Diabetes mellitus is an important disorder of carbohydrate metabolism. However, fat and protein metabolism are also affected in diabetic condition. Diabetes means excretion of excessive volume of urine and mellitus means sweet. So the word diabetes milletus refers to chronic excretion of large volume of urine containing glucose.

Diabetes mellitus, caused by a deficiency in the secretion or action of insulin, is a relatively common disease. Insulin is an endocrine hormone which is secreted by b-cells of islets of Langerhans of pancreas. The abnormality in glucose metabolism is indicative of diabetes or a tendency towards the condition. Diabetes mellitus is really a group of diseases in which the regulatory activity of insulin is defective.

There are two major clinical classes of the disease :

·              Type-I or insulin dependent diabetes mellitus (IDDM)

The disease begins early in the life and quickly becomes severe.

·              Type - II or non-insulin dependent diabetes mellitus (NIDDM)

The disease is slow to develop, milder and often goes unrecognized.

Type one requires insulin therapy and careful, life long control of the balance between glucose intake and insulin dose. The decreased or defective production of insulin is characterised by the following symptoms.

i.                  Decreased permeability of the cell membrane for glucose resulting in the accumulation of glucose in the blood. This condition is known as hyperglycemia. Glucose concentration increases as high as 500 mg/100 ml of blood.

ii.                  Polyuria: This means excretion of increased quantity of urine. This is to excrete the additional quantity of glucose in urine (glucosuria).

iii.                  Polydipsia: The excessive thirst which leads to increased consumption of water. This condition is known as polydipsia. This is to replace the volume of water excreted due to polyuria.

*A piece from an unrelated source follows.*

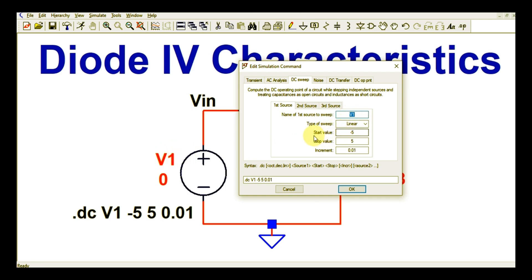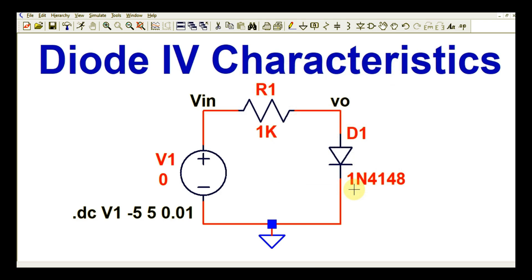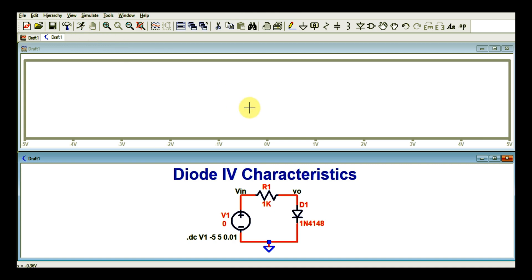Click on First DC Source. The name of the first source to sweep is V1. The type of sweep is linear. The start value is minus 5 volts, the end value is 5 volts, and the increment is 0.01 — that is 10 millivolts. Click OK, then run the simulation by clicking the Run button.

iv.                  Polyphagia: Excessive appetite leads to polyphagia and increased intake of food. This is to replace the lost nourishment. The diabetic has voracious appetite, but inspite of over eating, they lose weight and become lean and emaciated.

v.                  As glucose is not enough for energy production, increased mobilisation of fat from adipose tissue occurs. But the metabolism of fat is incomplete resulting in the production of large amounts of the intermediary products of fat metabolism namely ketone bodies (eg. Acetoacetate and b-hydroxybutarate). This condition is known as 'ketosis' and excess ketone bodies cause severe acidosis, ultimately resulting in 'coma'.

vi.                  Deposition of lipids in the walls of the blood vessels resulting "atherosclerosis".

Biochemical measurements on the blood and urine are essential in the diagnosis and treatment of diabetes, which causes profound changes in metabolism. A sensitive diagnostic criterion is provided by the glucose tolerance test (GTT).

 

Glucose Tolerance Test (GTT)

 

After a night without food, the patient drinks a test dose of 100 g of glucose dissolved in a glass of water. The blood glucose concentration is measured before the test dose and at 30 min intervals for several hours thereafter. A normal individual assimilates the glucose readily, the blood glucose rising to no more than about 80 to 120 mg/100 ml; little or no glucose appears in the urine. Diabetic individuals assimilate the test dose of glucose poorly; their blood glucose level far exceeds the kidney threshold (about 180 mg/100ml), causing glucose to appear in their urine.